Il jazzista (sax alto e soprano ma
amava anche suonare l’organo e cantare), l’agitatore e operatore
culturale ha, in effetti, giocato sempre d’anticipo, individuando con
intuito e raziocinio tendenze e persone, rispondendo a un’esigenza
profonda di creare musica che avesse senso politico, nel significato
più ampio del termine. Quando l’Italia jazzistica era ancora
impantanata nell’imitazione del jazz californiano o nel dixieland
revival, Mario Schiano tirò fuori il Gruppo Romano Free Jazz: era il
1966, insieme a lui c’erano Giancarlo Schiaffini, Marcello Melis e
Franco Pecori (Ecstatic, 1967). Quella formazione fu, con ogni
probabilità, il primo organico free europeo e, insieme a Giorgio
Gaslini, Schiano sprovincializzò il jazz nostrano, dimostrando come si
potesse produrre musica di ispirazione afroamericana senza dover
imitare i solisti americani. In un certo senso il sassofonista anticipò
il ’68 e, in ogni caso, fu tra coloro che più convintamente si
confrontarono con movimenti giovanili e nuove produzioni artistiche,
dal Living Theatre al cinema del gruppo Fluxus; nel 1969 firmò la
colonna sonora del film-documentario di Ugo Gregoretti Apollon.
Negli
anni ’70 in cui si mettevano in discussione linguaggi e certezze, dando
spazio a una frenetica ansia di conoscere, il jazzista si interessò di
musica popolare (Sud, 1973; Perdas de Fogu con Melis, 1975), entrò in
contatto con quella contemporanea (Domenico Guaccero ed Alessandro
Sbordoni, DeDé, 1977), scoprì e valorizzò jazzisti che poi avrebbero
costituito le colonne portanti del nuovo jazz italiano. Dalle cantine
del Folkstudio di Giancarlo Cesaroni al palcoscenico di
Controindicazioni, Schiano ha lanciato, fra i tanti, Bruno Tommaso,
Tommaso Vittorini Eugenio Colombo, Maurizio Giammarco, Massimo Urbani,
Danilo Terenzi, Sebi Tramontana, Pasquale Innarella.
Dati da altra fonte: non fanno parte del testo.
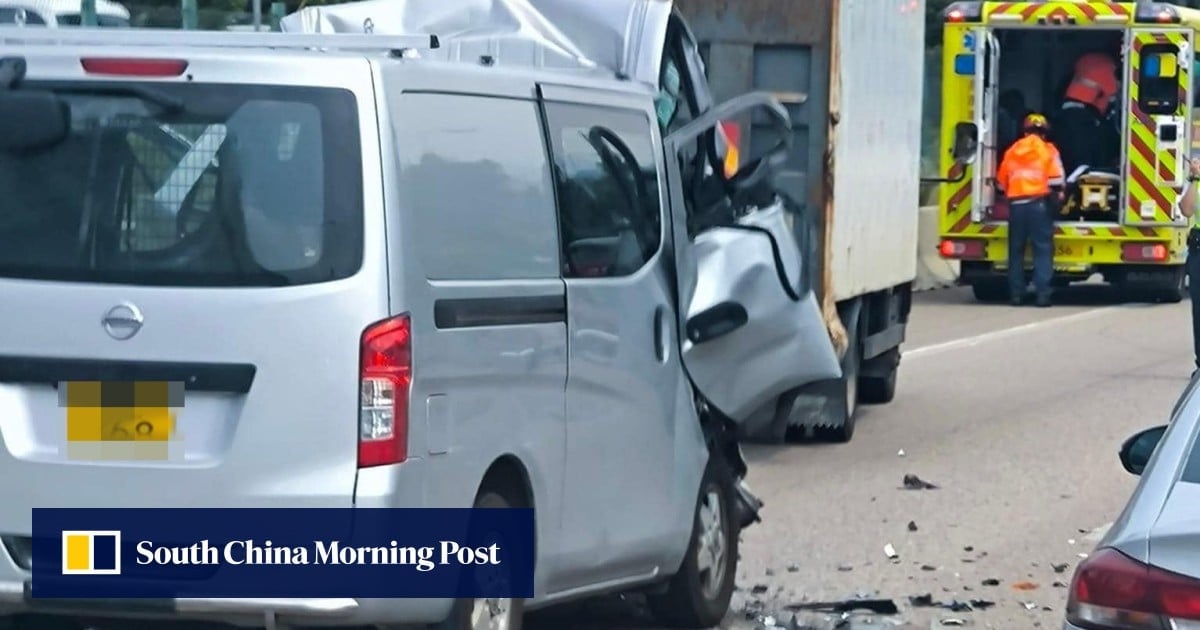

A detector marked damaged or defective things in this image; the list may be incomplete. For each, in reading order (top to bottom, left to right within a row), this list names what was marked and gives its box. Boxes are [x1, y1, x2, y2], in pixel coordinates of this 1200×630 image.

broken windshield [0, 83, 364, 288]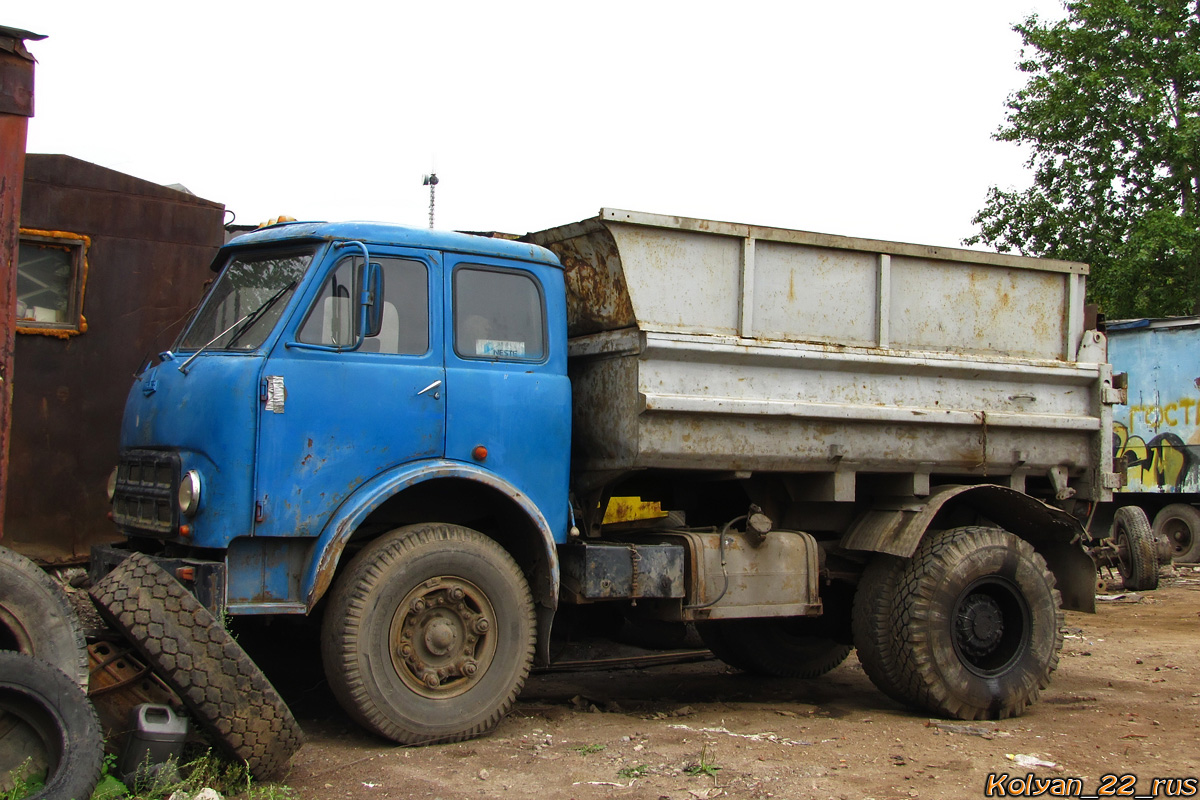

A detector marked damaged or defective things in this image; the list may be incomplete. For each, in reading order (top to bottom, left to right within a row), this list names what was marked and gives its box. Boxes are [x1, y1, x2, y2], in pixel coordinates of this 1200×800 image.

window of rusty building [15, 227, 89, 335]
rusty metal building [7, 154, 225, 563]
rusty dump body [530, 211, 1118, 537]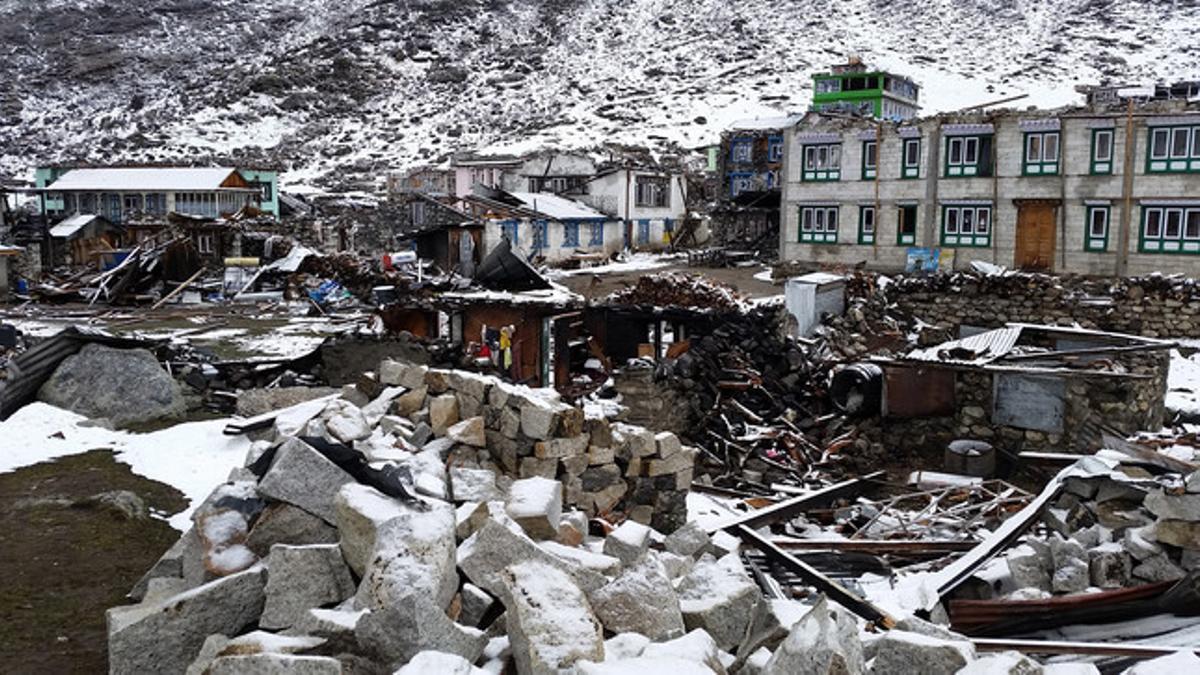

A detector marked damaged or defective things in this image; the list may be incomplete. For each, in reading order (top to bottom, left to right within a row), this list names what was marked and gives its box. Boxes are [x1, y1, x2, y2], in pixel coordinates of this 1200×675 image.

damaged stone house [782, 91, 1200, 276]
damaged stone house [864, 324, 1171, 454]
broken wooden plank [705, 470, 888, 533]
broken wooden plank [729, 523, 892, 629]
Nel decennio del
conservatorismo sonoro, del neo-hard-bop fu il jazzista partenopeo a
ridar vigore alle Sedute di improvvisatori di Controindicazioni,
riprendendo il nome da un controfestival inventato nel 1975 a Penne e
riproposto a Roma dal 1988. Luogo fisico, sonoro e intellettuale, la
manifestazione ha rilanciato il jazz d’avanguardia e fatto conoscere
artisti di mezz’Europa, con cui Schiano ha inciso. Amava molto gli
incontri sonori e di essi restano tracce discografiche dal trio Ganelin
a Paul Rutherford, da Peter Kowald ad Han Bennink. Si deve un po’ anche
a Controindicazioni la nascita dell’Italian Instabile Orchestra (1990),
formazione che ha portato nel mondo tre generazioni di freeman con
successi testimoniati dai cd per Leo records, Ecm ed Enja. Il posto di
Mario Schiano è ora definitivamente vuoto nell’Italian Instabile
Orchestra che suonerà il 29 maggio a Reggio Calabria e aveva già in
programma un arrangiamento di Sud, memorabile sua pagina del 1973
intrisa di poesia, critica, amore, ironia. Nella musica e nella
memoria, individuale e collettiva, Mario Schiano non morirà.